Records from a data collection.
***
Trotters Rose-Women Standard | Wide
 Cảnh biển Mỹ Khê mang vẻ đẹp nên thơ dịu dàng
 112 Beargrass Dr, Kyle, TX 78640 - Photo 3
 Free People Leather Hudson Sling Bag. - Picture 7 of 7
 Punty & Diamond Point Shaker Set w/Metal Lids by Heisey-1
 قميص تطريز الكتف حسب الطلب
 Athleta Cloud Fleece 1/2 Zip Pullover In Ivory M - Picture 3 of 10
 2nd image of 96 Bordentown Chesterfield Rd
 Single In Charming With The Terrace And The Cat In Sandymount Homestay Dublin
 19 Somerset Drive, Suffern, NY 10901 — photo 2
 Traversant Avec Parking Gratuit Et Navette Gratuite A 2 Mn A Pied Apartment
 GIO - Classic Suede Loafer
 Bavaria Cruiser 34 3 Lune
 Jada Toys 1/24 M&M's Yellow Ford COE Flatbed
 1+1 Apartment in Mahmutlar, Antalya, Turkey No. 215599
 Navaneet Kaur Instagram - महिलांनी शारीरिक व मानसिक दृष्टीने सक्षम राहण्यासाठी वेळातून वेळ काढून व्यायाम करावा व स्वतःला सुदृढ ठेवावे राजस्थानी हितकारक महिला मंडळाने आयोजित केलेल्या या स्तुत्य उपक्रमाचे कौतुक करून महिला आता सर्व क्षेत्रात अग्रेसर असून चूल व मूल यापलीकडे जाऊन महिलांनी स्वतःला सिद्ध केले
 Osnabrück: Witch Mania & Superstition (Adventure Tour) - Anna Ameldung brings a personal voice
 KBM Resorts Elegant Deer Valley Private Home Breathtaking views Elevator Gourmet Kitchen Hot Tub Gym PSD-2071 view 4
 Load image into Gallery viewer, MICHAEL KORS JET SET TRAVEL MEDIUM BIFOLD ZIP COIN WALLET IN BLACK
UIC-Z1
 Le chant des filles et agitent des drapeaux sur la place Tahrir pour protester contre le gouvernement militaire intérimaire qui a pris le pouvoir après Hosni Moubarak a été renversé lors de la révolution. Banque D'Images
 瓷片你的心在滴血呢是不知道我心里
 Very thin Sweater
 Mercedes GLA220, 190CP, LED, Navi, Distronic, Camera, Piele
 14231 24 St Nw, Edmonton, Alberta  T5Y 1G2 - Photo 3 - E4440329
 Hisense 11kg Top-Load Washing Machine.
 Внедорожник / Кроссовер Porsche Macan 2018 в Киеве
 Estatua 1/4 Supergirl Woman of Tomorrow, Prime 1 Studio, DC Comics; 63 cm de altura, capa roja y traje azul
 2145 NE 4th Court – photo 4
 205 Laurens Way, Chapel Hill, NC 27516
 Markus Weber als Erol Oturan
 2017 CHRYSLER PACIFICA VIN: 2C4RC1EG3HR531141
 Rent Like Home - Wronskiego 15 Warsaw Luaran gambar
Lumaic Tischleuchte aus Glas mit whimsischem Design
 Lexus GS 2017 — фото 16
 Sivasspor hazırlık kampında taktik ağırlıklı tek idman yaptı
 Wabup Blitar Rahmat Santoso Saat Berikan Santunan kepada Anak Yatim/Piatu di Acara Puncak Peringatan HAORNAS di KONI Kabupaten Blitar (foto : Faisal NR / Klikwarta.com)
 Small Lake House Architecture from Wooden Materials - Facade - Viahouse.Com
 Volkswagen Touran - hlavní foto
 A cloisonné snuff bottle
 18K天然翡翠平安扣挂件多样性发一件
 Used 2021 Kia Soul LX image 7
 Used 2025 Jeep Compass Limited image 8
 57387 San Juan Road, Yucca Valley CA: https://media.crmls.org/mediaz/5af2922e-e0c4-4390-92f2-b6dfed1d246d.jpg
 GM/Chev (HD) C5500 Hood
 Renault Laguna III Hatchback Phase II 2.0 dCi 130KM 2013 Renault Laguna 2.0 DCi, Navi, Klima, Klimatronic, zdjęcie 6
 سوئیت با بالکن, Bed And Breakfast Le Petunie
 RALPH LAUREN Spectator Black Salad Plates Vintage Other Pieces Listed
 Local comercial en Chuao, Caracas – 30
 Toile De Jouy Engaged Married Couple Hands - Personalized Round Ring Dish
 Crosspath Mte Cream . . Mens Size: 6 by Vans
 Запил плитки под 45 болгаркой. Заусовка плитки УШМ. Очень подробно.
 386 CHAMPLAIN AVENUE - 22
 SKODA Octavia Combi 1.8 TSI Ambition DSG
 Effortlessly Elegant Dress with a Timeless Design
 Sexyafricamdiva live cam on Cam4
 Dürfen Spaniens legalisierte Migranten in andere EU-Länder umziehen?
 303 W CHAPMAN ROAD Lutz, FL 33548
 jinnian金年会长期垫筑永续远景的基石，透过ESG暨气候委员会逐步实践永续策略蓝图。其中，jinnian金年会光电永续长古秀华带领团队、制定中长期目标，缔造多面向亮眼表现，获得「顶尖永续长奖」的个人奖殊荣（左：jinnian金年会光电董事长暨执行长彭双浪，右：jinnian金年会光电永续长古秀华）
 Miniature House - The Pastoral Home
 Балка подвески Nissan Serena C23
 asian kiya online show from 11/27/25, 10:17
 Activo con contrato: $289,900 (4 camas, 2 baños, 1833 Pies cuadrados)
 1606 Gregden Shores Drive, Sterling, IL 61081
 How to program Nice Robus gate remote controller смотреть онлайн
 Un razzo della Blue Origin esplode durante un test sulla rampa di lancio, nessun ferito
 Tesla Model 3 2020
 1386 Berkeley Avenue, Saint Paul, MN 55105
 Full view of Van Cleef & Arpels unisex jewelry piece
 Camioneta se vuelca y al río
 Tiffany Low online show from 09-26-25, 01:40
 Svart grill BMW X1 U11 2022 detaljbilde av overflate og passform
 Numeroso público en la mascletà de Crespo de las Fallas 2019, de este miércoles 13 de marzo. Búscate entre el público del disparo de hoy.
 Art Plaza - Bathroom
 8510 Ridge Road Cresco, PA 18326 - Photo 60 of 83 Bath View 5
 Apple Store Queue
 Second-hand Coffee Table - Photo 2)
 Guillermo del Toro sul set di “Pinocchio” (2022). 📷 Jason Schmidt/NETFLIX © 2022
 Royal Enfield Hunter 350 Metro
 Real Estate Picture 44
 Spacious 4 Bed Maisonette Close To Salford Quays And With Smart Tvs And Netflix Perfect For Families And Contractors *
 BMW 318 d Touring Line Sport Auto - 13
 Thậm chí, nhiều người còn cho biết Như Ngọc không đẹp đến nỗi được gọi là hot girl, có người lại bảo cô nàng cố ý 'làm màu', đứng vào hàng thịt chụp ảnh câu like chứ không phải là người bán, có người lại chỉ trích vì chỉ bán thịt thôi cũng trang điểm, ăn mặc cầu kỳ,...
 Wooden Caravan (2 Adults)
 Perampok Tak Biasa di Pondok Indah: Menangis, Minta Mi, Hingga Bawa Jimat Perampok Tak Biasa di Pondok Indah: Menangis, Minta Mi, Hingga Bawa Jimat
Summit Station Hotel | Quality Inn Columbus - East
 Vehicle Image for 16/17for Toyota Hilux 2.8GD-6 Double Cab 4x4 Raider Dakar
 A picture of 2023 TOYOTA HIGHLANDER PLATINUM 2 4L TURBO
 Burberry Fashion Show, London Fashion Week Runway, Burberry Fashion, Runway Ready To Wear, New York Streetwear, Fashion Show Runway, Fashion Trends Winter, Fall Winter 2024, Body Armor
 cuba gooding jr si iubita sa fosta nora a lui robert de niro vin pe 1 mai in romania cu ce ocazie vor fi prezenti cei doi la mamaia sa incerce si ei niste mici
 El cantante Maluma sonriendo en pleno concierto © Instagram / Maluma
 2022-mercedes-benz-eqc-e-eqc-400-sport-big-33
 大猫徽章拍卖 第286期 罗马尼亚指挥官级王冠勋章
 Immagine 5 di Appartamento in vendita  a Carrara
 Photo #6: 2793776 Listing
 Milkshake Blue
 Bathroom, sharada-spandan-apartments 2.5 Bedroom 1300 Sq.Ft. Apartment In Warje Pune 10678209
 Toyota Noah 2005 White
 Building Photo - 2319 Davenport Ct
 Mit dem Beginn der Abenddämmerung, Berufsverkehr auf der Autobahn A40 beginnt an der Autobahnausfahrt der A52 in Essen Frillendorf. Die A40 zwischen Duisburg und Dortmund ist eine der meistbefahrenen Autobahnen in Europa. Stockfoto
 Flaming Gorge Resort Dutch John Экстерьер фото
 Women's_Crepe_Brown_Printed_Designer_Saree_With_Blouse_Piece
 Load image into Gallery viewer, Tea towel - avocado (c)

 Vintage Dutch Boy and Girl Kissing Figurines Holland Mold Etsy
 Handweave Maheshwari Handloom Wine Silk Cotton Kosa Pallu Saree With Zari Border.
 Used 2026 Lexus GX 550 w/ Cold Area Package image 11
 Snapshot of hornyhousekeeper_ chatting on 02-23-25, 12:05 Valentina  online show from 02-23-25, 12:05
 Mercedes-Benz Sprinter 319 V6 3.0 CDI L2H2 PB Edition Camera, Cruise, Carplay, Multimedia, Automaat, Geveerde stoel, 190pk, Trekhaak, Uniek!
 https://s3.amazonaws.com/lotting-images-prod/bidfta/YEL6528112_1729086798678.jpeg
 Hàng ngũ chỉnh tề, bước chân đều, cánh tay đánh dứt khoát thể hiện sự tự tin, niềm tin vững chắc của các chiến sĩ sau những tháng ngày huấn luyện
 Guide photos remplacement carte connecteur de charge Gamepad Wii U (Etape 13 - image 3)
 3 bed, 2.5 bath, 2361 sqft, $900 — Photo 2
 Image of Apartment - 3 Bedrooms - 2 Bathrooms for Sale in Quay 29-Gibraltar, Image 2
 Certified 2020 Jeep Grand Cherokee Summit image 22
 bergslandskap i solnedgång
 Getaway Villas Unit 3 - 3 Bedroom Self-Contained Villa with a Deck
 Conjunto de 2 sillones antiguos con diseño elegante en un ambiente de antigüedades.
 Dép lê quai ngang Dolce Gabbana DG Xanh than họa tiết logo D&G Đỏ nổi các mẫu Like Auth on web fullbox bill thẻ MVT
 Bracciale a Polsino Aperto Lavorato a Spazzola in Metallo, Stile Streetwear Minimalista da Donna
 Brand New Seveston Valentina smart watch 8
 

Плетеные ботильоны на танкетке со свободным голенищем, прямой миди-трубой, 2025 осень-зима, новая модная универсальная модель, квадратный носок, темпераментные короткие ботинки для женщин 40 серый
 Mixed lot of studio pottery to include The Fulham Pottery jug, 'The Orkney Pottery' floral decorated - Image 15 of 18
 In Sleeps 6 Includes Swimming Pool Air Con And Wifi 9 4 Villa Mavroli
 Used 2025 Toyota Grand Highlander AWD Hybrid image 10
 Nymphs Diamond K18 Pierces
***
Required work. Repeat word for word the lines above that run from the line containing "El cantante Maluma" through the line containing "Load image into Gallery viewer, Tea", both ends included, and nothing else.

Exercise response.
 El cantante Maluma sonriendo en pleno concierto © Instagram / Maluma
 2022-mercedes-benz-eqc-e-eqc-400-sport-big-33
 大猫徽章拍卖 第286期 罗马尼亚指挥官级王冠勋章
 Immagine 5 di Appartamento in vendita  a Carrara
 Photo #6: 2793776 Listing
 Milkshake Blue
 Bathroom, sharada-spandan-apartments 2.5 Bedroom 1300 Sq.Ft. Apartment In Warje Pune 10678209
 Toyota Noah 2005 White
 Building Photo - 2319 Davenport Ct
 Mit dem Beginn der Abenddämmerung, Berufsverkehr auf der Autobahn A40 beginnt an der Autobahnausfahrt der A52 in Essen Frillendorf. Die A40 zwischen Duisburg und Dortmund ist eine der meistbefahrenen Autobahnen in Europa. Stockfoto
 Flaming Gorge Resort Dutch John Экстерьер фото
 Women's_Crepe_Brown_Printed_Designer_Saree_With_Blouse_Piece
 Load image into Gallery viewer, Tea towel - avocado (c)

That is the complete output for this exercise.